[Stored data]
= = =
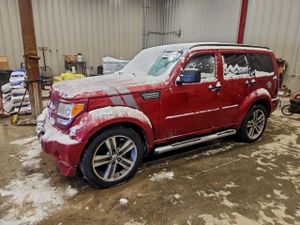 Dodge Nitro SHOCK 4.0L 6 2011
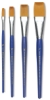 Set of 4 Brushes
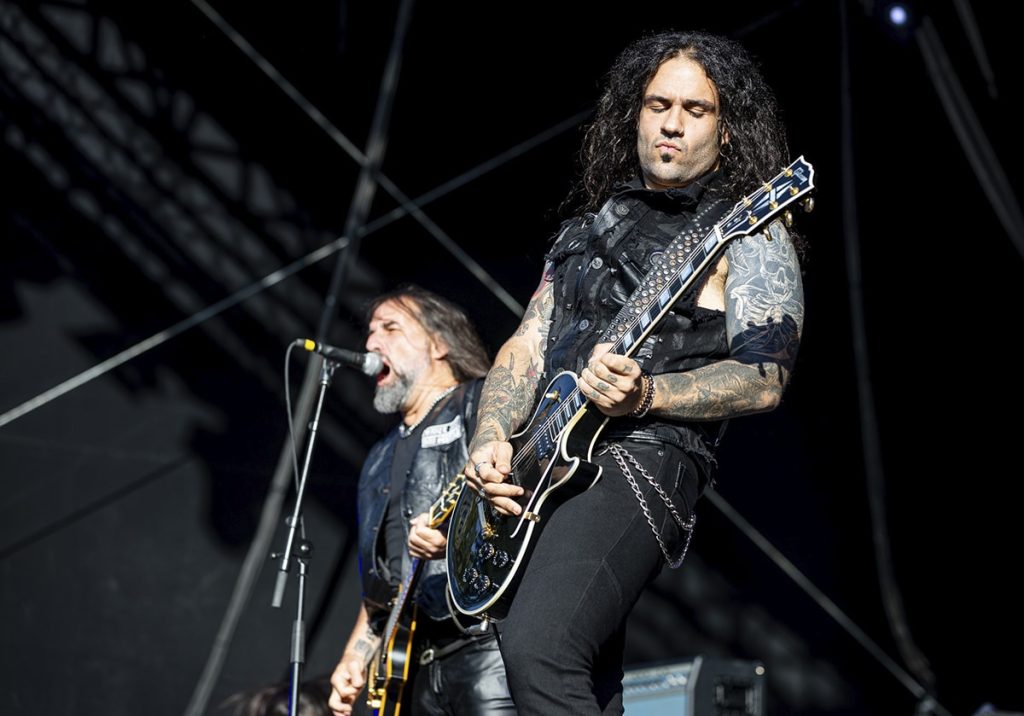 Rotting Christ - Sylak Open Air 2024 - 1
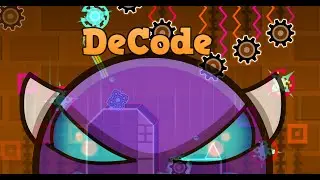 Geometry Dash 2 113 [Easy demon DeCode] REK3DGE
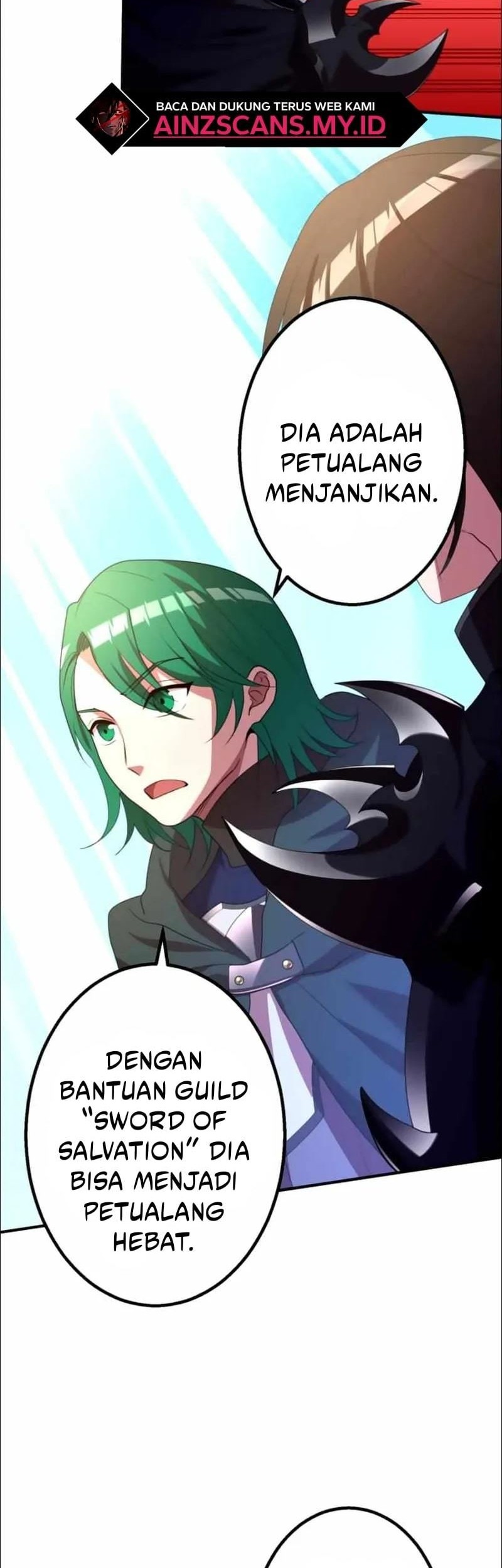 I'm Not a Villain Chapter 0 - halaman 37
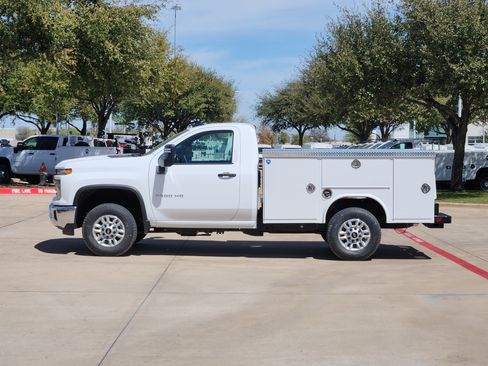 New 2026 Chevrolet Silverado 2500 W/T image 12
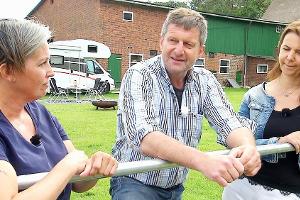 "Bauer sucht Frau": Der Traum einer Hofdame "zerbröselt" tränenreich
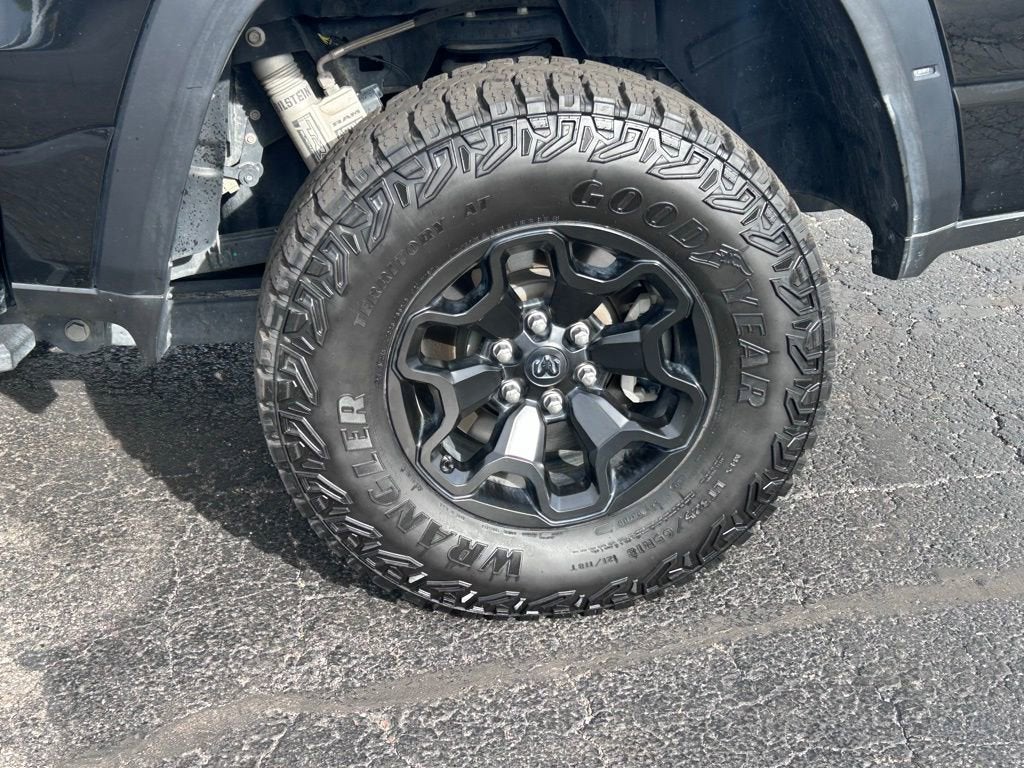 2024 RAM 1500 TRX Crew Cab 4x4 5'7" Box
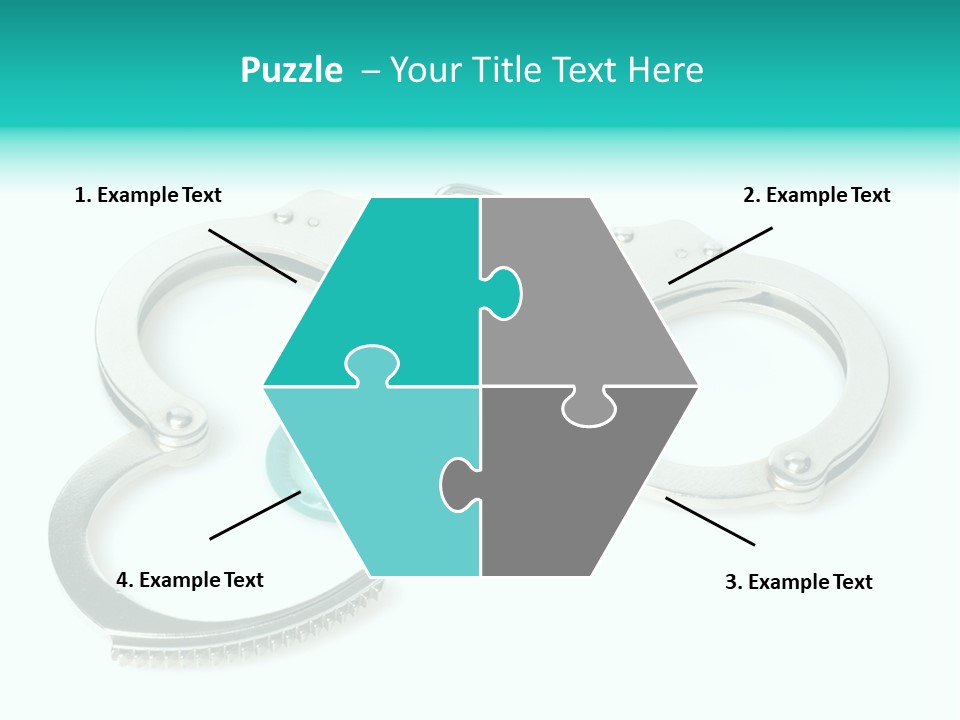 Green  Happiness PowerPoint Template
= = =
-- Exercise --
Return every entry above exactly as written, minus the pictures.

-- Solution to this exercise --
 Dodge Nitro SHOCK 4.0L 6 2011
 Set of 4 Brushes
 Rotting Christ - Sylak Open Air 2024 - 1
 Geometry Dash 2 113 [Easy demon DeCode] REK3DGE
 I'm Not a Villain Chapter 0 - halaman 37
 New 2026 Chevrolet Silverado 2500 W/T image 12
 "Bauer sucht Frau": Der Traum einer Hofdame "zerbröselt" tränenreich
 2024 RAM 1500 TRX Crew Cab 4x4 5'7" Box
 Green  Happiness PowerPoint Template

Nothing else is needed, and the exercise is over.